And then the goodbye inevitably came and felt strange because I felt like I should be leaving, going home with them. I have such a short amount of time left traveling, about a week in Chile before my 2 week job in Puerto Rico. So my mindset is “ok you’re going to be traveling a week by yourself and then switch gears to work mode and then home.” I’m trying to enjoy this last week and reflect when I can. Take time to observe and appreciate little things like making a friend at the busy Santiago terminal when your bus is 2 hours late. I’m in no rush to finish my trip, no hurry to rush my life, I want to slow down. That’s why I’m going to La Serena and San Pedro de Atacama. I’m going to spend time on the beach and under the huge starry sky, taking my time to take it all in. 

The Mountains are Women

“The mountains are women” are the words of my friend Chloe. She got her writing published and ever since I read it, I haven’t been able to stop thinking about this phrase and how true it rings. As I was hiking up my final trail in Torres del Paine to see the torres, I felt the connection with nature and the femininity within her. I walked fast so I could be alone with her and not have anyone in my way.  There was nothing but trees guiding me up, snowflakes hitting my nose, mountains towering in the distance, and my breath. It was the most meaningful time during the 4-day backpacking trip on the W trail. 

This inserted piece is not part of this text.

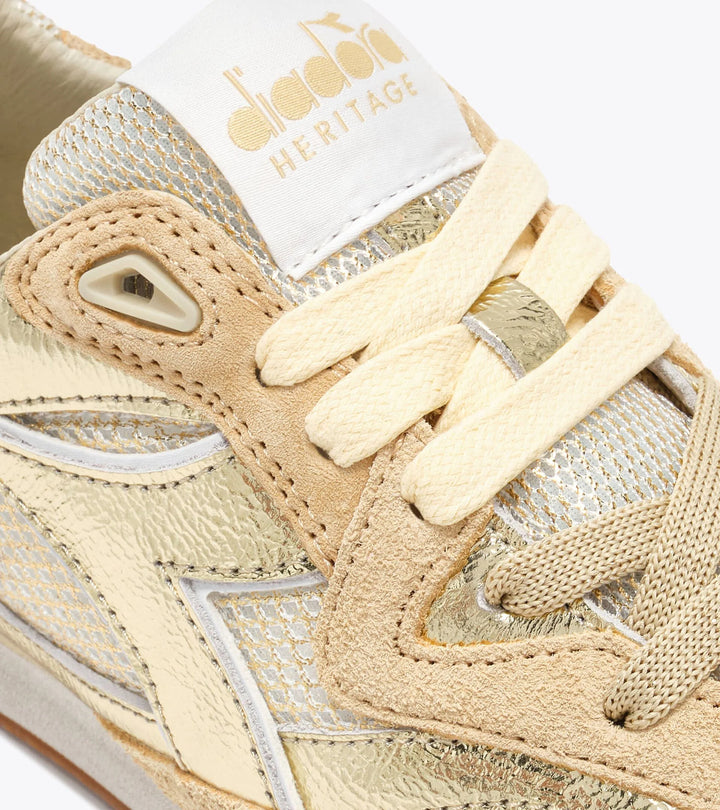 Diadora Heritage Women&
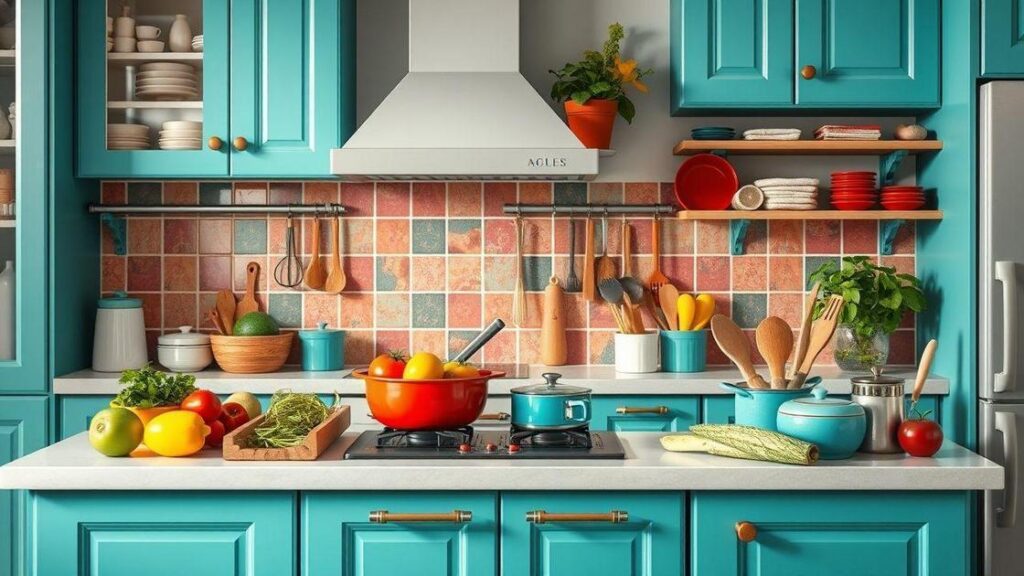 7 blogs de culinária para seguir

I didn’t really know what I was getting myself into, I just knew I wanted to go to the park and hiking for a few days seemed fun. After renting the camping gear and prepping some food, Julián and I were off. The initial boat ride across the lake was stunning right off the bat and we were greeted with the well known windy welcoming. The lodge that awaited us near Lake Grey was enormous and reminded me of a fancy ski lodge. I don’t know why I was surprised to see the campgrounds — Torres del Paine is a huge tourist attraction so it makes sense but in my mind, seeing such beautiful land with such invasive infrastructure was hard to grasp. Anyways, we hiked for some 5 hours up our first part of the W, ended up in a more humble campground and pitched our own tent.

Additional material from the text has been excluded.